第48話 遠慮なければ近憂あり

 一切の警戒心を解くことなく、僕は彩香と会う。それが至上命題であって、おかえり・ただいまといった言葉のやり取りは、所詮おままごとに過ぎない。

 人生は舞台、人は皆役者とシェイクスピアは言うが、一方的な感情が平行している今は茶番劇ですらない。

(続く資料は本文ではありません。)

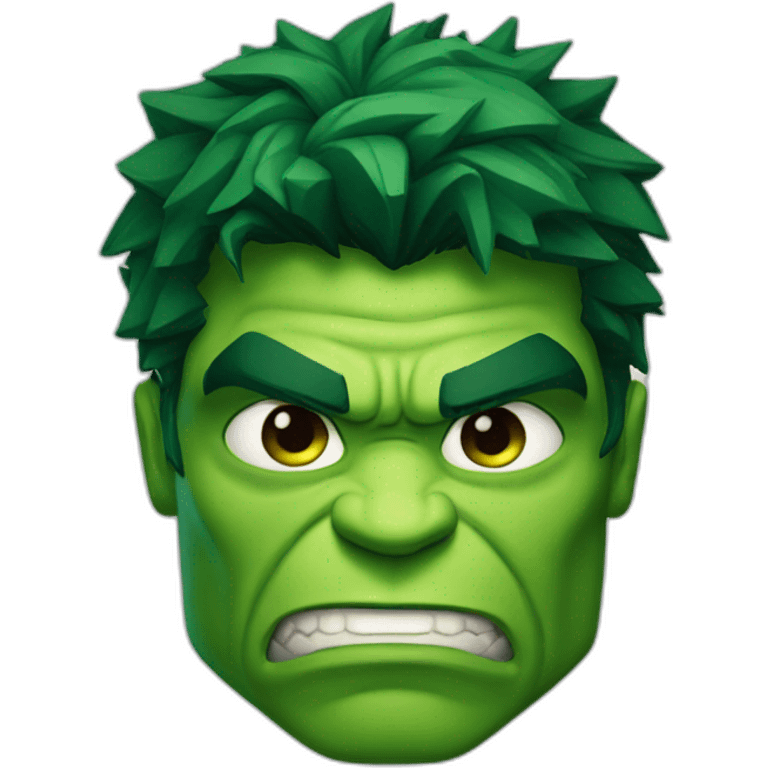 SUPERHERO Hulk face  emoji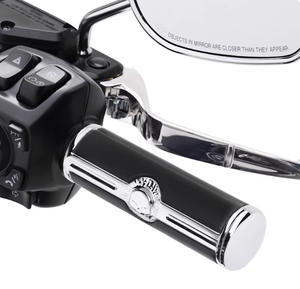 Cubierta de Goma para Empuñadura de Acelerador de Manillar Compatible con HD 117 Softail, 121 CVO Road Glide, la Almohadilla de Goma Proporciona un Agarre Estable y - Product Image 1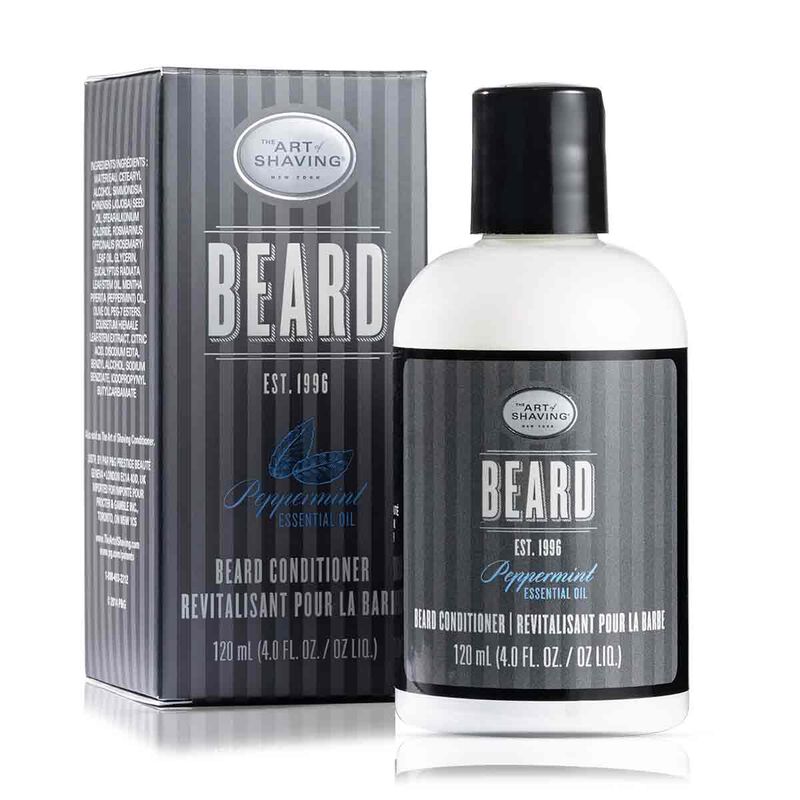 art of shaving beard conditioner peppermint 120ml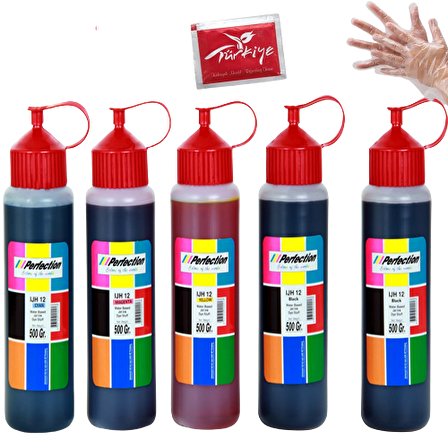 Perfection HP Deskjet 1015 - 1016 - 1018 Kartuş Uyumlu Dolum Seti 5 x 500 ML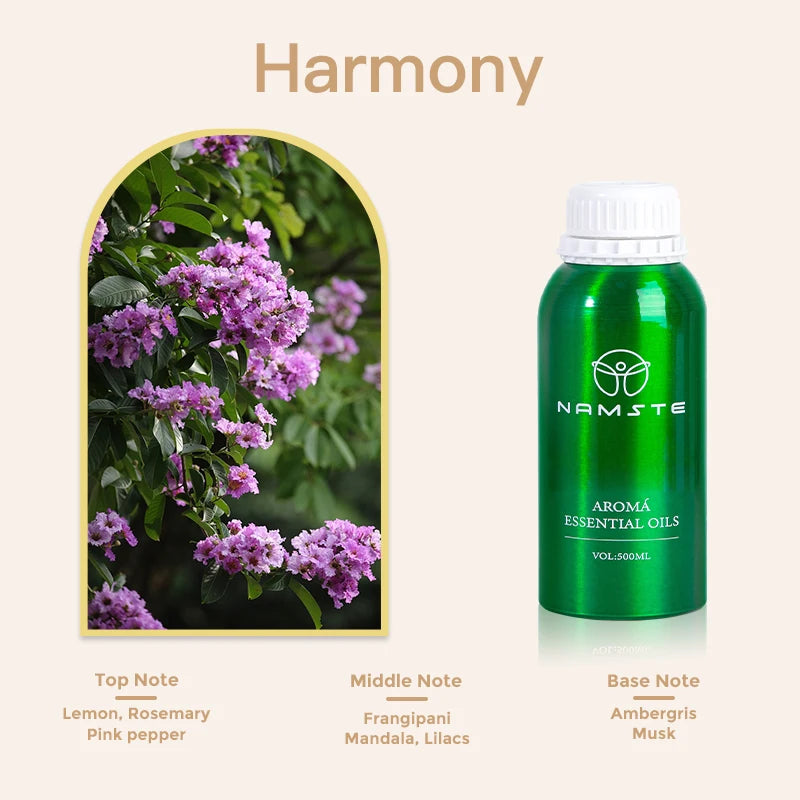LUXPERFUME Santal 500ML Essential Oil Diffuser
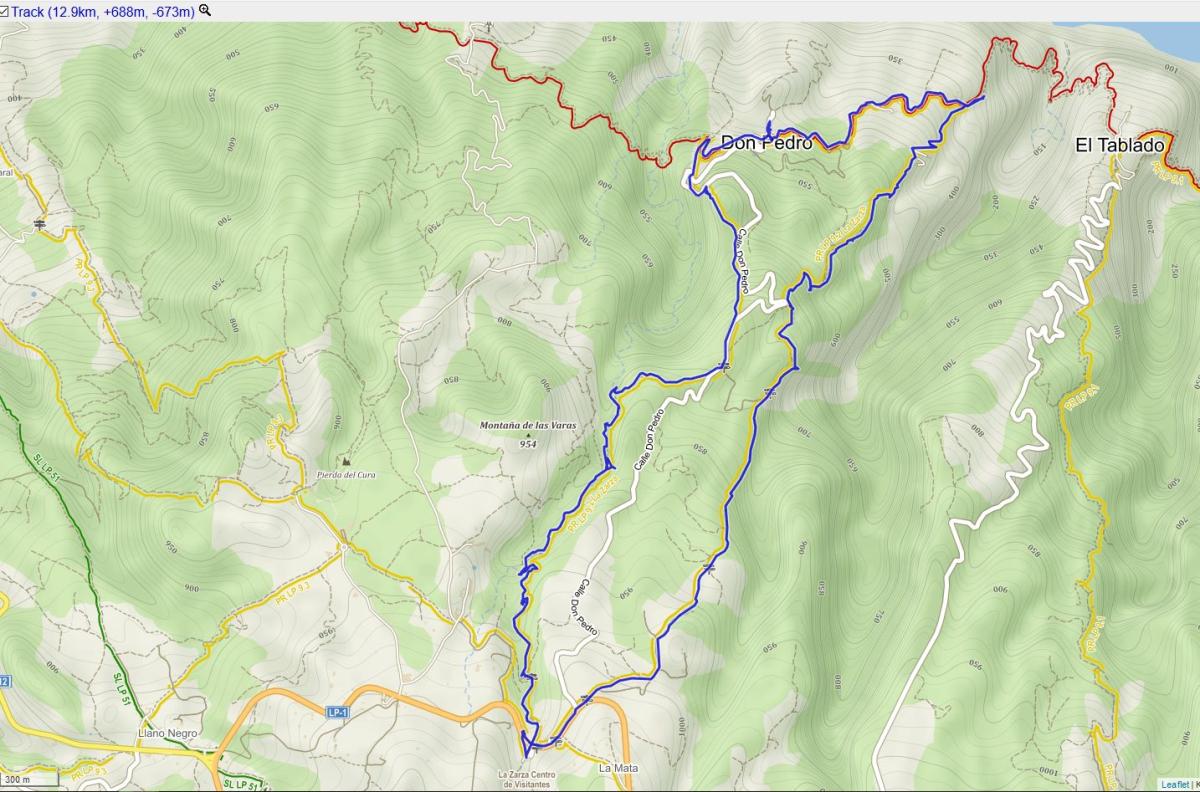 Trackaufzeichnung der Wanderung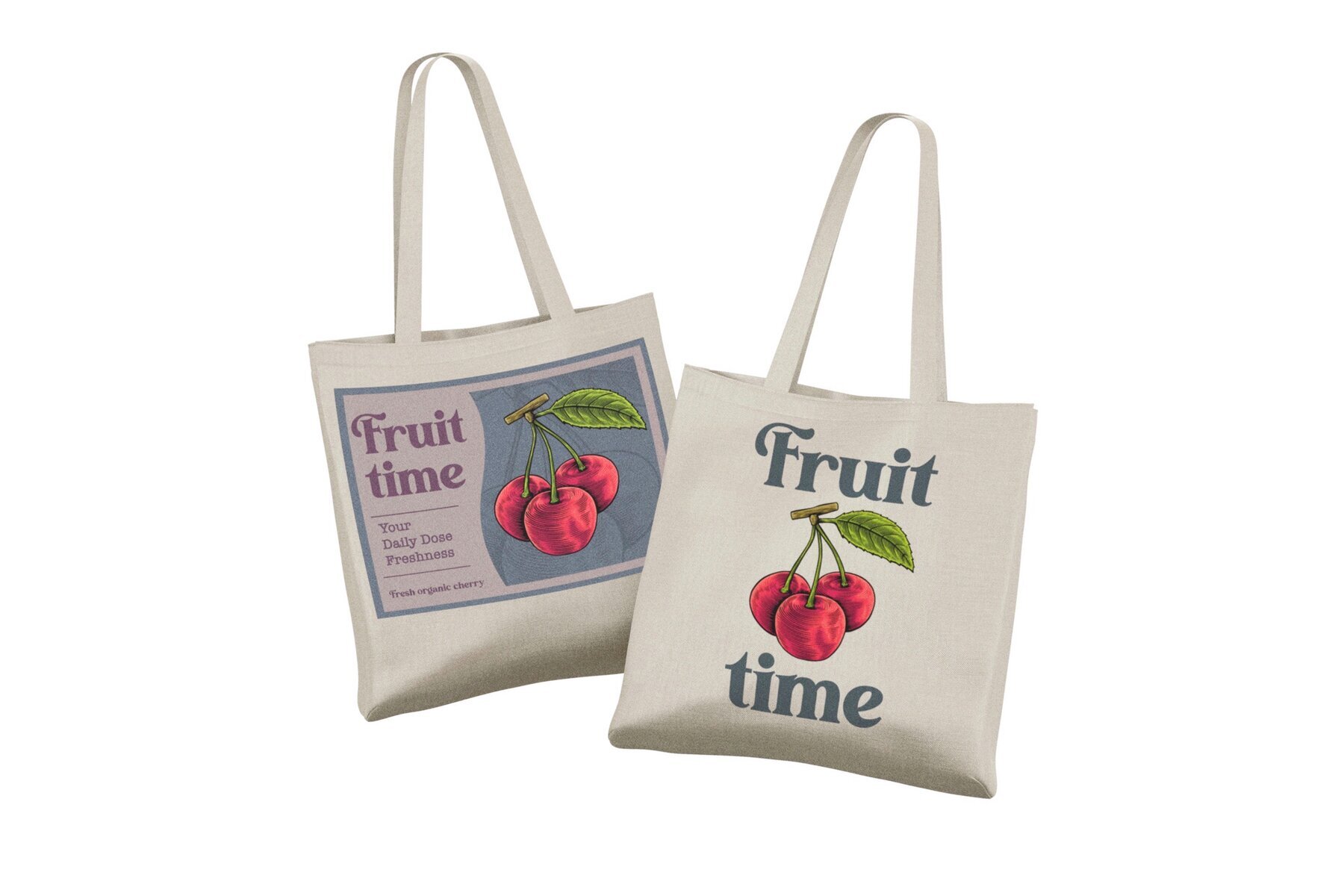 Vintage Cherry Vector Art 2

 離婚調停で出会う元婚約相手の方が意思が疎通しているとさえ言える。


「どうして深雪さんと彩香が一緒に?」

「あの女、いや、お姉ちゃんが後に偶然出会ったの」

「そっか……ところで彩香はどこ?」

「ホント妹ばっかり」

「え?」

「妹ちゃんの名前を出せばこんな所にまで来るんだもんね。ホントいいお兄ちゃんだよ。あの女が、『私も妹になる』とか言いたくなるのも分る気がする」

「…………彩香は今どこ」

「だから、休んでもらってるって。私は、宗太君のメイドだよ?」

 彼女の中でメイドという言葉にどんな意味を持つのかは未だ計り知れない。


 僕は彼女に続くように奥の部屋へと進んでいく。

 彼女の言う通り、彩香はそこに居た。

 だがしかし、こちらに気付く気配もなく、両膝を抱えて座っていた。

「さ、彩香?」

 スカートから微かに見える謎の傷跡。

「妹ちゃんは昨日からずっとこんな調子だよ。あともう少ししたら病院に行って手当してもらうつもり」

「一体何があったんだ………!?」

「宗太君のことを探していろいろなところを駆け回っていたら、どうも原付バイクに当て逃げされたらしいよ」

「そんな!彩香、彩香!」

「お兄ちゃん…………?」

「彩香、ごめん」

「へへ、いいよ」

 僕を中心にどんどん世界が悪い方向に向かっている。ゾロアスター教は、善神アフラマズダと悪神アーリマンとの闘いによって、この世の動きを説明したが、今の僕はさしずめ、悪神アーリマンに敗北しかかっている状態にあるとされるのだろう。

「ね、お兄ちゃん」

「どうした?」

「手、繋いでもいい?」

 彩香を深く傷つけ、深雪さんに姉を刺すこととなった原因はすべて僕にある。

 僕はどうすればいいのだろうか、どうすれば帳消しとはいかずとも、責任をとれるのだろうか。

「お兄ちゃん、離さないでね」

「離さないよ」

「ねえ、宗太君!?」

「そうだね、彩香、取り敢えず病院に」

「それもあるけど、ちょっと私の事無視してイチャイチャし過ぎじゃないかな?」

「イチャイチャって……」

「はい!」

 深雪さんは勢いよく右手を出す。意図を読み取れずに眺めていると、半ば強引に僕の左手を握ってきた。なるほど……

 結局僕を真ん中にして、横並びに手を繋ぎながら病院に行くことに。

 と言っても、あの足では歩かせる訳にはいかないので、おんぶに切り替え、またもや羨望の眼差しを向けられる羽目に。

 彩香をおんぶする僕の服の端を掴んで歩く深雪さんという見た目は、どこか悲しい雰囲気で、いろんな意味で重たかった。